2.6. RNA Extraction and cDNA Synthesis
RNA extraction was performed at 0 h and 30 d after HPP. Samples were prepared as indicated in Section 2.4. One milliliter of the homogenates was used to extract total RNA using the MasterPure™ complete DNA and RNA purification kit (Epicentre, Madison, WI, USA) following the instructions of the manufacturer. A DNase treatment (Thermo Fisher Scientific, Walthman, MA, USA) was done to digest residual genomic DNA. Then, RNA concentration and purity were determined using a Nanodrop™ (Thermo Fisher Scientific) and normalized to 100 ng/µL. Reverse transcription reaction for cDNA synthesis was conducted in a Mastercycler® EP (Eppendorf Scientific, Hamburg, Germany) using the PrimeScript™ Reagent (Perfect Real Time) kit (TaKaRa Bio Inc., Dalian, China). Approximately, 5 µg of total RNA were retrotranscripted at 37 °C for 15 min. The reaction was stopped by inactivation of the enzyme at 85 °C for 5 s.
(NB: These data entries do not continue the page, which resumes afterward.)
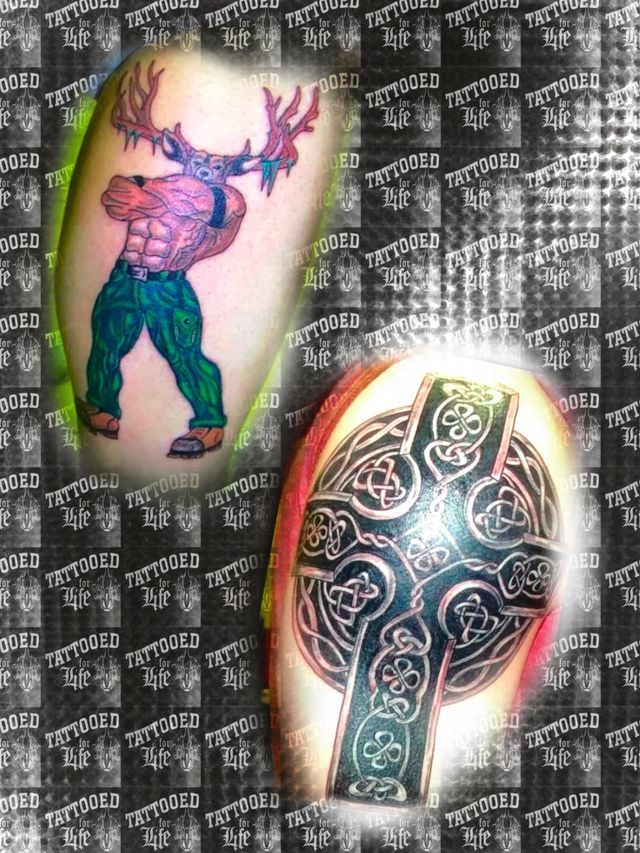 A tattoo of a deer and a cross on a wall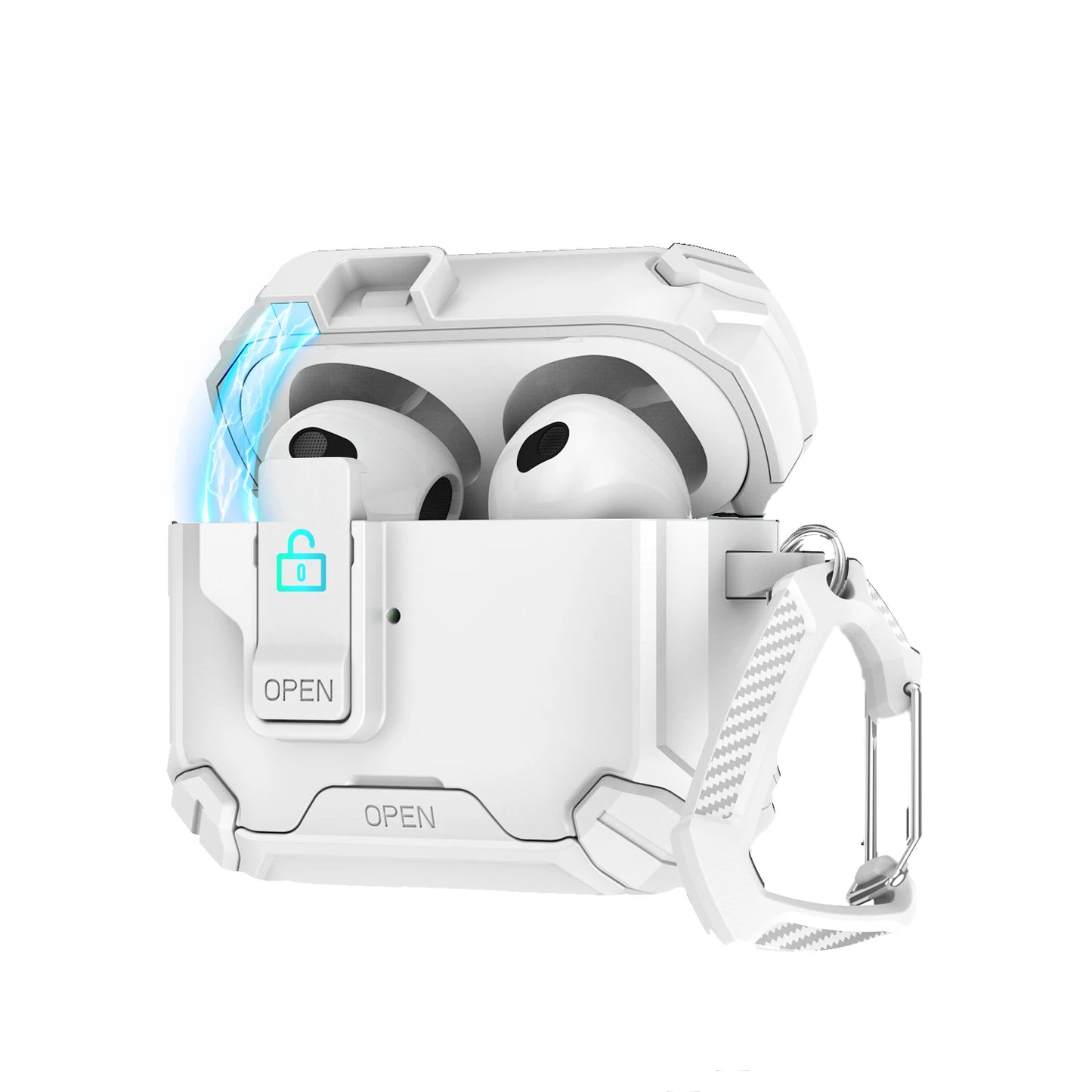 Secure Lock Shockproof Case for AirPods 1/2/3/4 Pro with Hook & Holder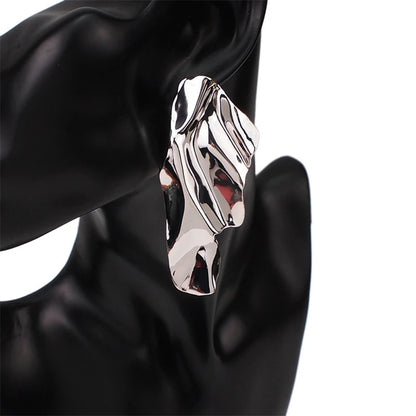 Eccentric Geometric Metal Dangle Earrings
Finally, cDNA was kept at −20 °C until use.
2.7. Quantitative PCR
Quantitative PCR (qPCR) based on TaqMan® methodology was used to amplify the virulence-associated genes plcA, hly, and iap, and stress-related gene sigB of L. monocytogenes (Table 1) as previously described Alía et al. [10]. IGS was selected as a reference gene and internal control. Two biological replicates were analyzed for each gene of interest and each sample was amplified in triplicate in MicroAmp Fast Optical 96-Well Reaction Plate (0.1 mL) (Thermo Fisher Scientific, Walthman, MA, USA). qPCR was carried out using the qPCR Vii™ 7 System (Thermo Fisher Scientific, Walthman, MA, USA). Reactions (final volume of 12.5 µL) contained: 2.5 µL of cDNA templates, 7 µL of Premix ExTaqTM (TaKaRa Bio Inc., Dalian, China), 0.125 µL of 50x ROXTM Reference Dye (TaKaRa Bio Inc., Dalian, China), 300 nM (IGS, plcA, iap, and sigB), or 450 nM (hly) of each primer, and 100 nM (IGS, hly), 200 nM (plcA), or 300 nM (iap and sigB) of the probe. The amplification program consisted of one cycle at 95 °C for 10 min, followed by 40 cycles of 15 s at 95 °C, 1 min at 55 °C (IGS and plcA), or 60 °C (hly, iap, and sigB).
Table 1.
Gene | Function and Scope of Use | Sequence (5′→3′) | Reference |
---|---|---|---|
IGS | Reference gene | F: GGCCTATAGCTCAGCTGGTTA | Rantsiou et al. 2012 [14] |
R: GCTGAGCTAAGGCCCCATAAA | |||
P: FAM-ATAAGAAATACAAATAATCATACCCTTTTAC-TAMRA | |||
plcA | Escape from primary vacuoles | F: CTAGAAGCAGGAATACGGTACA | Rantsiou et al., 2012 [14] |
R: ATTGAGTAATCGTTTCTAAT | |||
P: HEX-AATTTATTTAAATGCATCACTTTCAGGT-TAMRA | |||
hly | Lysis of vacuoles | F: CATGGCACCACCAGCATCT | Rodríguez-Lázaro et al., 2004 [20] |
R: ATCCGCGTGTTTCTTTTCGA | |||
P: HEX-CGCCTGCAAGTCCTAAGACGCCA-TAMRA | |||
iap | Invasion associated secreted endopeptidase | F: AATCTTTAGCGCAACTTGGTTAA | Rodríguez-Lázaro et al., 2004 [20] |
R: CACCTTTGATGGACGTAATAATACTGTT | |||
P: HEX-CAACACCAGCGCCACTAGGACG-TAMRA | |||
sigB | Transcription factor, regulation of virulence and stress-response genes | F: CCAAGAAAATGGCGATCAAGAC | Rantsiou et al., 2012 [14] |
R: CGTTGCATCATATCTTCTAATAGCT | |||
P: HEX-TGTTCATTACAAAAACCTAGTAGAGTCCAT-TAMRA |
F, forward; R, reverse; P, probe; FAM/HEX, fluorochrome at 5′-end of the probe; and TAMRA, quencher of FAM/HEX at 3′-end of the probe.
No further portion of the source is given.